Posted in Uncategorized, tagged , , , , , on November 18, 2025|

Interventricular septum, is the common shared wall between LV and RV . For various biological and hemodynamic reasons , this sharing never follows the law of equity.. It has a bias toward the bigger brother LV. Still, it never lets the RV down in contributing to RV function.

Let us see, how the IVS behaves when it comes to responding, to RV pressure overload .It is clear ,from what we know so far, IVS behavior rarely follows a pattern. We know it resists the pressure and transforms to a D shape. Does the D shaped LV really trigger an increased IVS thickness ?

IVS hypertrophy in RVH : A mixed mystery pheonmenon

In pulmonary hypertension (PHT) or any right ventricular hypertrophy (RVH), the interventricular septum (IVS) does not hypertrophy primarily due to its unique hemodynamic positioning, as IVS is anatomically and functionally linked with left ventricular (LV) mechanics. Unlike LV, the chronic RV pressure overload which is required for septal myocyte growth is rarely sustained because RV tends to dilate as well, in the process interrupting hypertrophy.

RVH occurs with elevated pulmonary artery pressures , but the pressure distibution is uneven. It is more on RV free wall and outflow tract rather than the septum. The pressure distribution concentrated at the RV free wall (infundibulum and body) .Also, the trabeculae sparing effect on IVS from direct overload .

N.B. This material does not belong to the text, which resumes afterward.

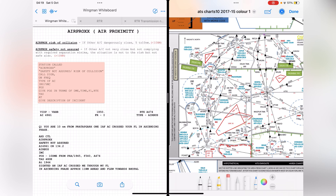Welcome to part 8 of this playlist. We'll be talking about air proximity calls, or air procs. Essentially, air proximity or air procs is when there is a loss of separation between any two aircraft. This could be because of the ATC's mistake or the pilot's mistake. In simple terms, it is when two aircraft get extremely close to each other.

RV free wall hypertrophy defined as thickness exceeding 5 mm on echo in subcostal view in end diastole, ideally on inspiratory phase when it is maximally filled. ( MRI is a still more reliable index of RVH severity) correlating well with RV function and prognosis.

Final message

IVS rarely hypertrophies in RVH in most pathological RV pressure overload conditions. This is due to the complex shape of the RV as well as the non-uniform pressure distribution of RV intracavitary pressure. Unlike LVH, there is no strict concentric RVH. RV free wall hypertrophy is the best index for accurate identification and quantification of RVH.

A note of caution

Congenital heart diseases like isolated valvular PS, TOF can cause severe IVS hypertrophy. Similarly some Inherited or acquired infiltrative diseases can cause disproportionate RVH .We should be cautious , not to mis-classify IVS hypertrophy as LV pathology in these situations.

Reference

1.Schneider M, Binder T. Echocardiographic evaluation of the right heart. Wien Klin Wochenschr. 2018 Jul;130(13-14):413-420. doi: 10.1007/s00508-018-1330-3. Epub 2018 Mar 19. PMID: 29556779; PMCID: PMC6061659.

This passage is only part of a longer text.